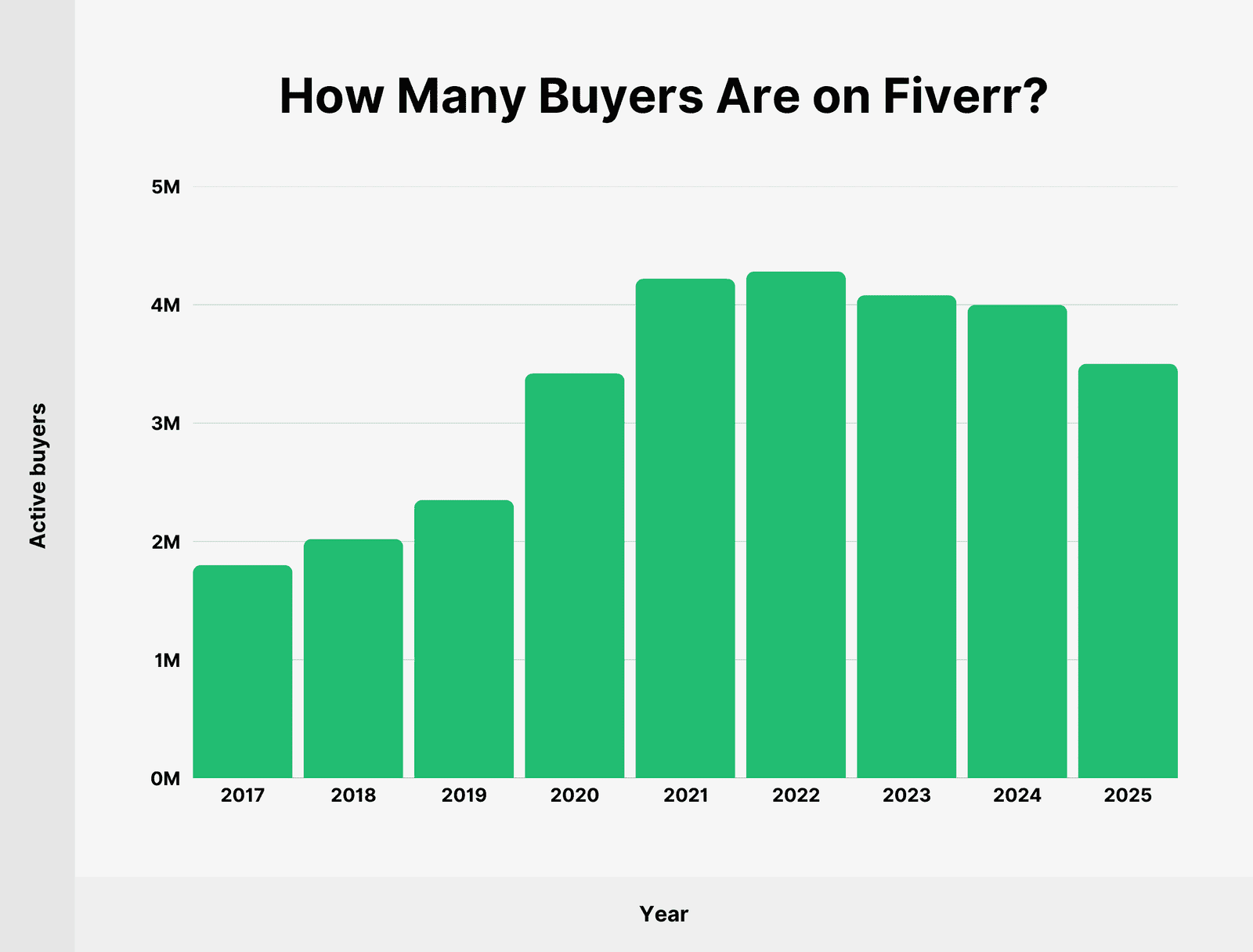 How many buyers are on Fiverr?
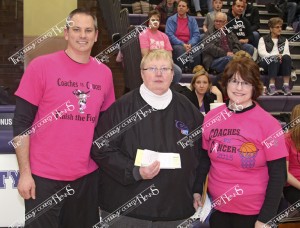 CvC.Elementary Donation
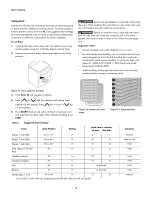 Preview for 18 page of Kenmore 790.9415 Series Use & Care Manual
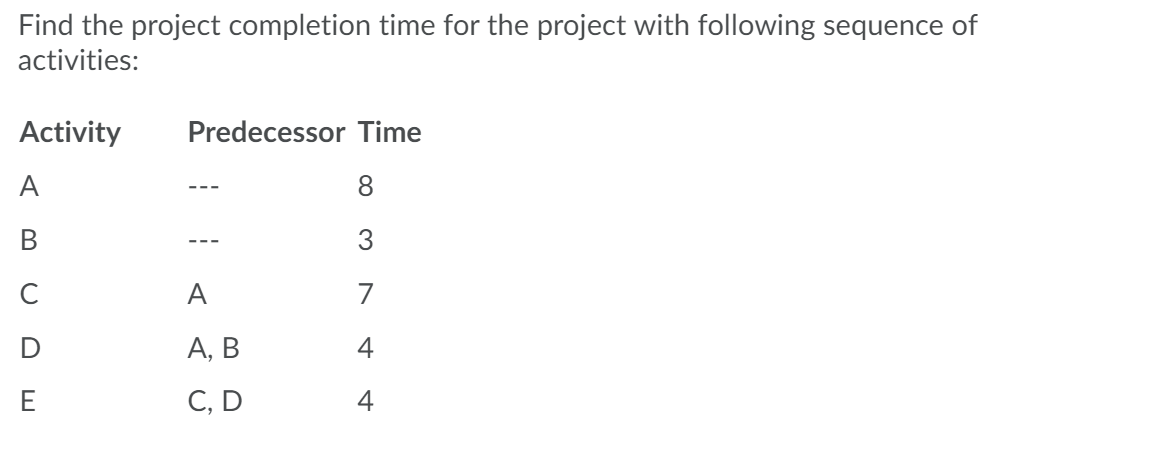 Find the project completion time for the project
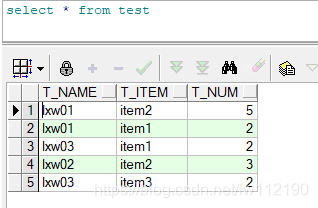 Oracle 几种行转列的方式 sum+decode sum+case when pivot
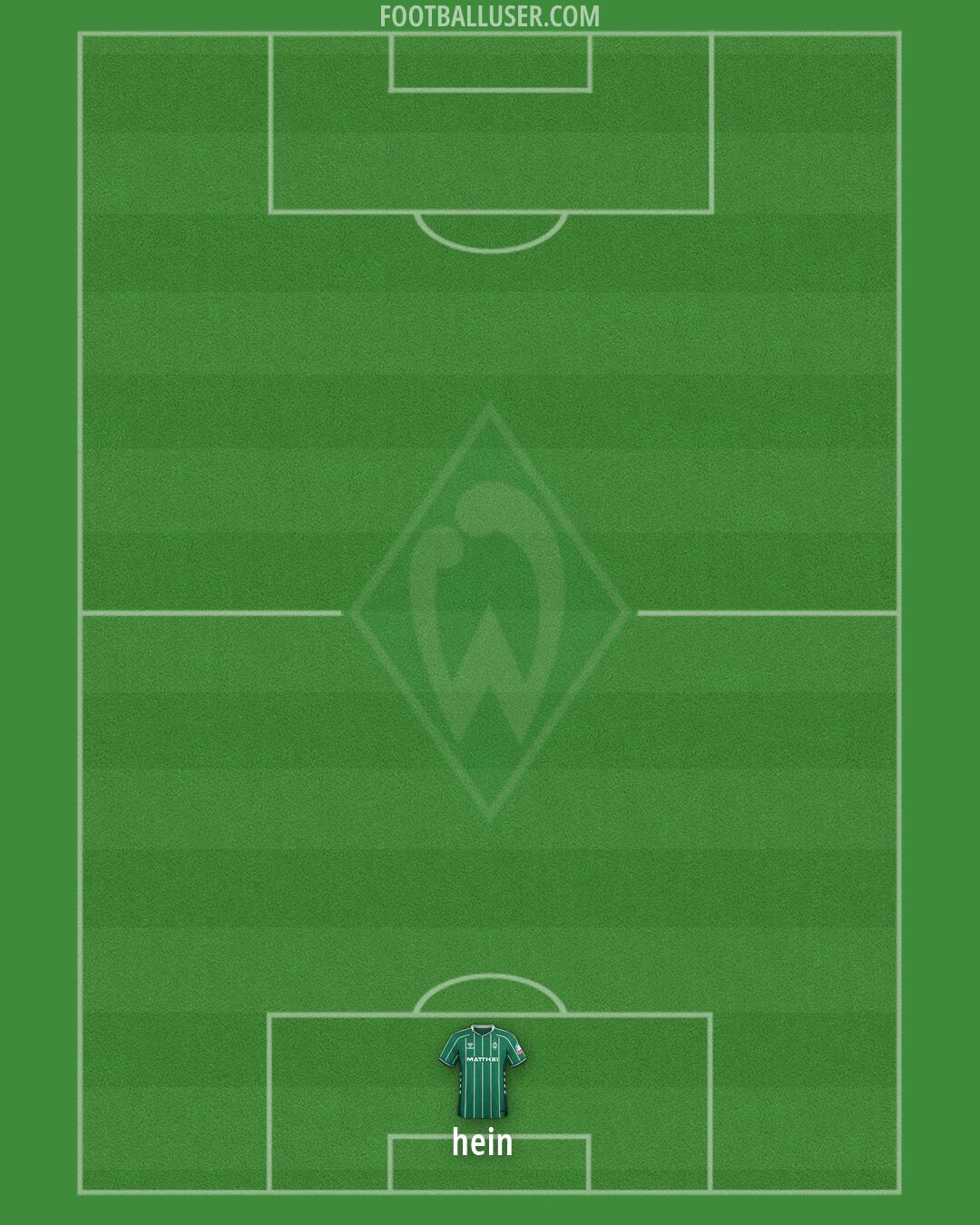 Werder Bremen Formation 2026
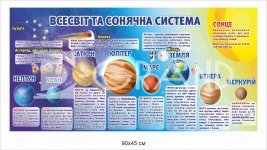 Стенд 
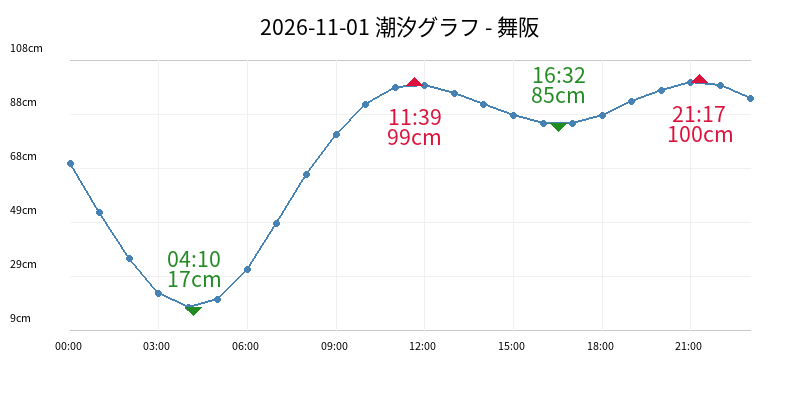 2026-11-01 潮汐グラフ - 舞阪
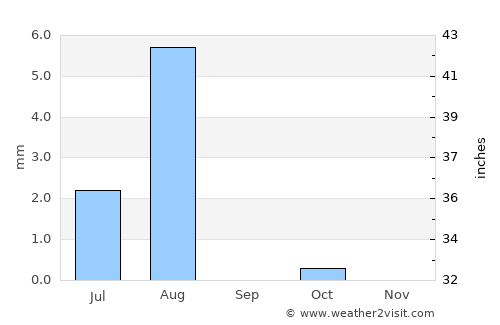 Karmah an Nuzul average rain in September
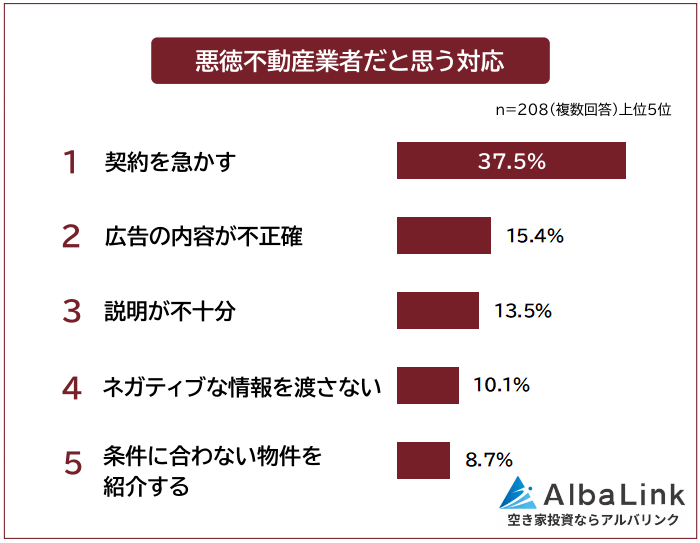 その管理会社、空室を増やしていませんか?オーナーが管理会社を選ぶ前に知っておくべきこと2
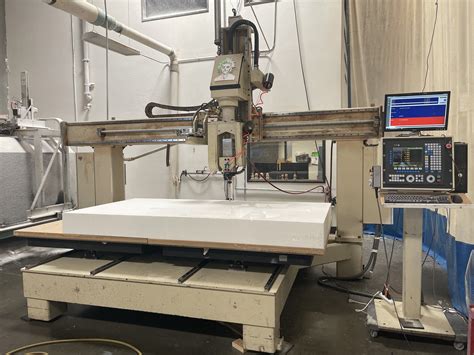 CNC Router Parts — CNC Parts Dept., Inc..
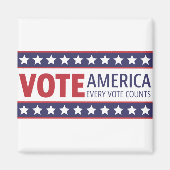 Abstimmung Magnet (Vorne)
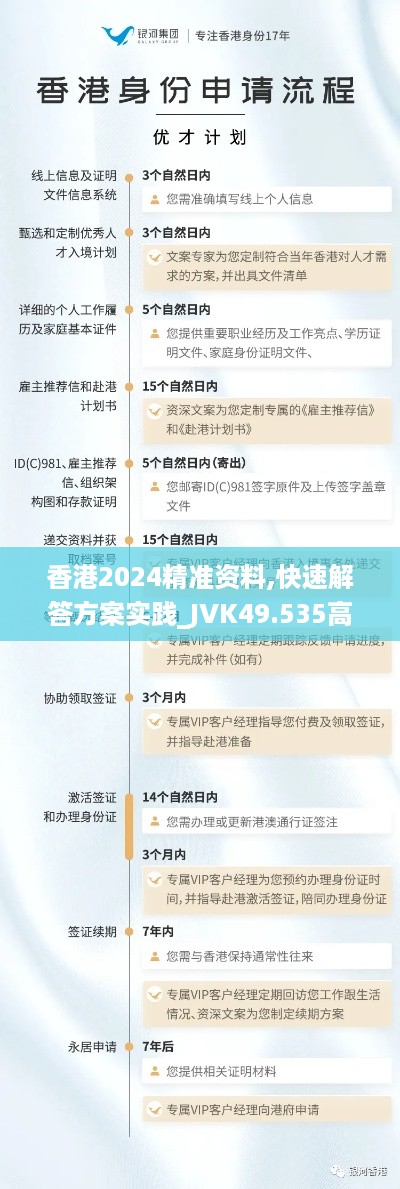 香港2024精准资料,快速解答方案实践_JVK49.535高速版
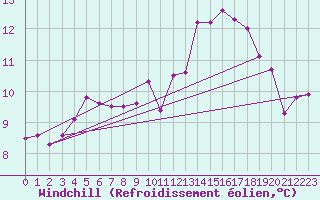 Courbe du refroidissement olien pour Cap Gris-Nez (62)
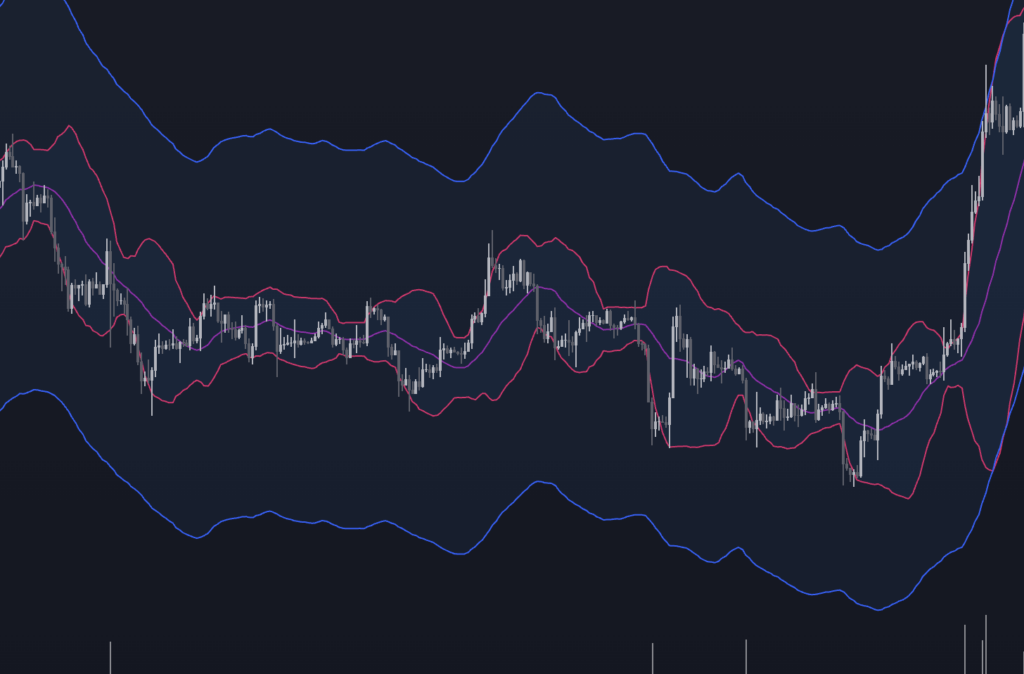 엔벨로프, Envelope
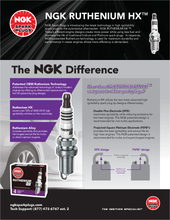 Load image into Gallery viewer, NGK Ruthenium HX LKAR8BHX 91784 Spark Plug
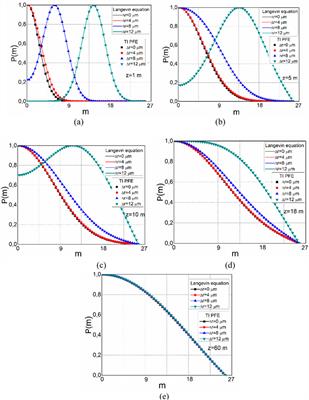 New method for the investigation of mode coupling in graded-index polymer photonic crystal fibers using the Langevin stochastic differential equation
◇ ◇ ◇ ◇ ◇ ◇ ◇
▶ _Task to carry out_:
Transcribe the records above exactly, omitting every picture they contain.

▶ _Response for this exercise_:
 How many buyers are on Fiverr?
 CvC.Elementary Donation
 Preview for 18 page of Kenmore 790.9415 Series Use & Care Manual
 Find the project completion time for the project
 Oracle 几种行转列的方式 sum+decode sum+case when pivot
 Werder Bremen Formation 2026
 Стенд 
 2026-11-01 潮汐グラフ - 舞阪
 Karmah an Nuzul average rain in September
 その管理会社、空室を増やしていませんか?オーナーが管理会社を選ぶ前に知っておくべきこと2
 CNC Router Parts — CNC Parts Dept., Inc..
 Abstimmung Magnet (Vorne)
 香港2024精准资料,快速解答方案实践_JVK49.535高速版
 Courbe du refroidissement olien pour Cap Gris-Nez (62)
 엔벨로프, Envelope
 Load image into Gallery viewer, NGK Ruthenium HX LKAR8BHX 91784 Spark Plug
 New method for the investigation of mode coupling in graded-index polymer photonic crystal fibers using the Langevin stochastic differential equation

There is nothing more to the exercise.